La tua pelle è una galassia di opportunità: benvenuti nel futuro del microbioma

C'è un universo che vive su di te. Una galassia di organismi che non puoi vedere né sentire ma che sono fondamentali per la tua sopravvivenza. Questo mondo microscopico – un microbioma cutaneo complesso, intelligente e diversificato – si è evoluto con gli esseri umani sin dall’inizio. Infatti questi organismi ci precedono di miliardi di anni. Siamo quello che siamo oggi grazie a loro. Quindi forse è necessaria una riformulazione mentale: questo antico ecosistema non vive su di te, no, tu vivi al suo interno.
E abbiamo appena iniziato a scoprire la complessità del microbioma cutaneo . Pensa a quanto poco sappiamo dello spazio in relazione alla vastità dell'universo: questa è fondamentalmente la nostra comprensione della galassia di organismi che vivono sulla pelle.
'Dobbiamo coltivare un senso di meraviglia e umiltà riguardo a ciò che abbiamo scoperto. Siamo emersi e ci siamo evoluti all'interno di questo mondo completamente microbico che una volta era completamente invisibile per noi', afferma Larry Weiss, M.D., esperto e ricercatore di biotecnologie e microbioma. prima era invisibile, ma andando avanti non potremo ignorarlo.'
In effetti, recentemente sono emerse alcune scoperte molto interessanti. Guidato dai migliori istituti di ricerca e dalle principali aziende biotecnologiche, il microbioma cutaneo è diventato lo spazio più innovativo nel campo della salute. È vero, la ricerca è ancora agli inizi, ma il volume del lavoro è in costante crescita. Dopotutto, esplorare le galassie richiede tempo.

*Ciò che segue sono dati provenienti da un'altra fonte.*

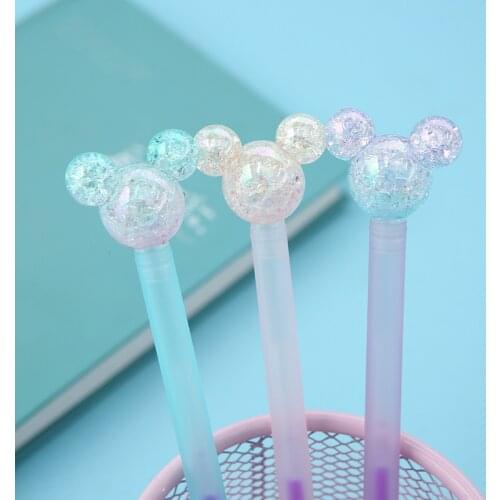 36 pcs/lot Kawaii Crystal Mouse Gel Pen Cute 0.5 mm Colorful ink Signature Pens School Office writing Supplies Promotional Gift
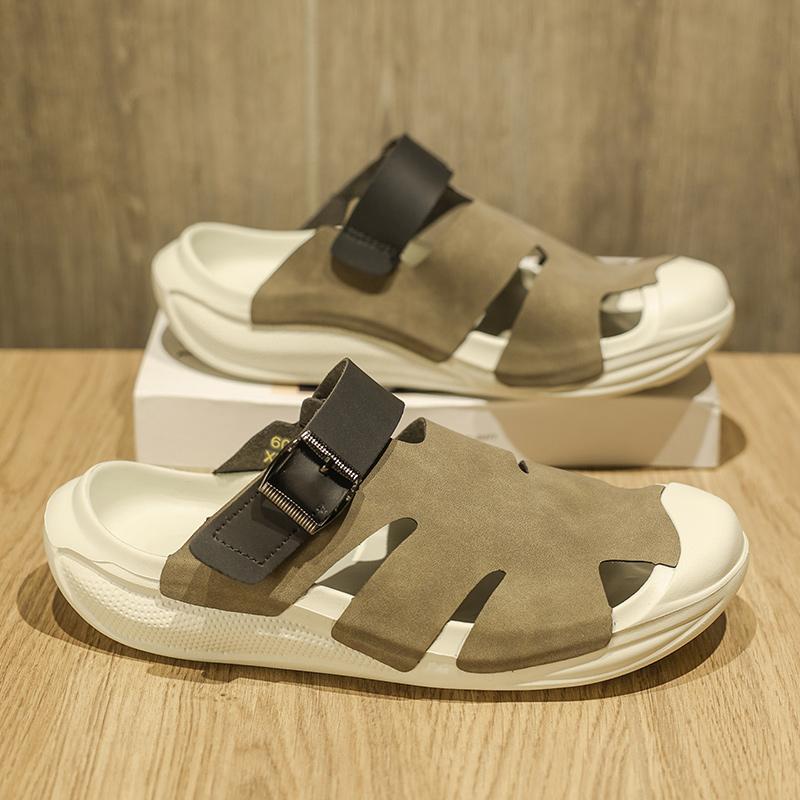 Men's Shoes Male Summer Sandals Comfy Indoor Garden Clogs Wrapped Toe Closed Toe Non-Slip Slippers with Arch Support  Trend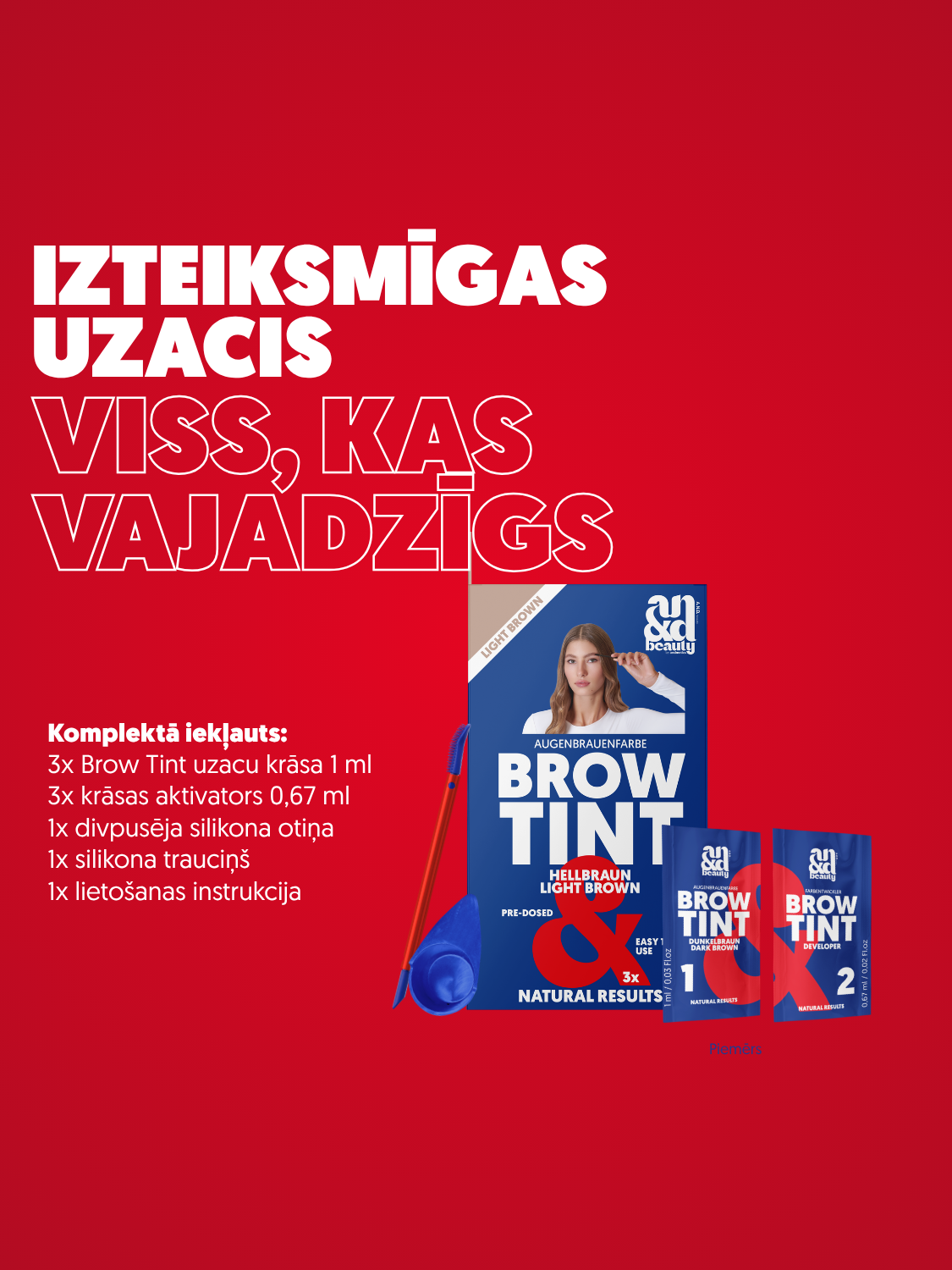 Uzacu krāsošanas komplekts tumši blondā tonī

Ecco alcuni dei risultati più impressionanti.
Abbiamo perso la diversità dei ceppi e stiamo creando un progetto per ripristinare alcune funzioni del microbioma.

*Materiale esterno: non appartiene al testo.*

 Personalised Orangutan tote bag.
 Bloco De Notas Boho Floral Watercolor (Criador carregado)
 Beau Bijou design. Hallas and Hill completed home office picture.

A volte, le scoperte più influenti non riguardano ciò che è nuovo o inedito, ma piuttosto la realizzazione di ciò che non c'è. Forse anche qualcosa che non avresti mai saputo che ti sarebbe mancato.

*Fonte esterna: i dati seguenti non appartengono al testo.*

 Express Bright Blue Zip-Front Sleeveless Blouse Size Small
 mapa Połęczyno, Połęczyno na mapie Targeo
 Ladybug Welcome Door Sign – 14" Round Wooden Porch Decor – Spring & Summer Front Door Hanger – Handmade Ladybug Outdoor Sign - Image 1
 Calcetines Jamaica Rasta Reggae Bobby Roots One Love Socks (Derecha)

'Ciò che stiamo studiando è qualcosa che nessuno di noi possiede: un biofilm. La cosa più difficile da trovare è qualcosa che non sapevi di aver perso', afferma Weiss, che ha fondato Simbioma . Migliaia e migliaia di microrganismi che costituivano il biofilm della nostra pelle (che è un po' come lo strato protettivo superiore del nostro microbioma) sono stati impoveriti dalla nostra pelle. Si stima che abbiamo perso circa l'80% del nostro diversità microbica a causa di ciò. Non viviamo più all’interno di questo biofilm e ne subiamo le conseguenze, principalmente l’infiammazione.
Se sembra deprimente, lo capisco. Quando ho sentito per la prima volta questa informazione, anch'io ho pensato: Bene, aggiungilo alla lunga lista di cose che gli umani hanno rovinato e a cui non potranno mai tornare completamente. In effetti, l'ho detto a Weiss e gli ho chiesto se dovevo preoccuparmi di sperare.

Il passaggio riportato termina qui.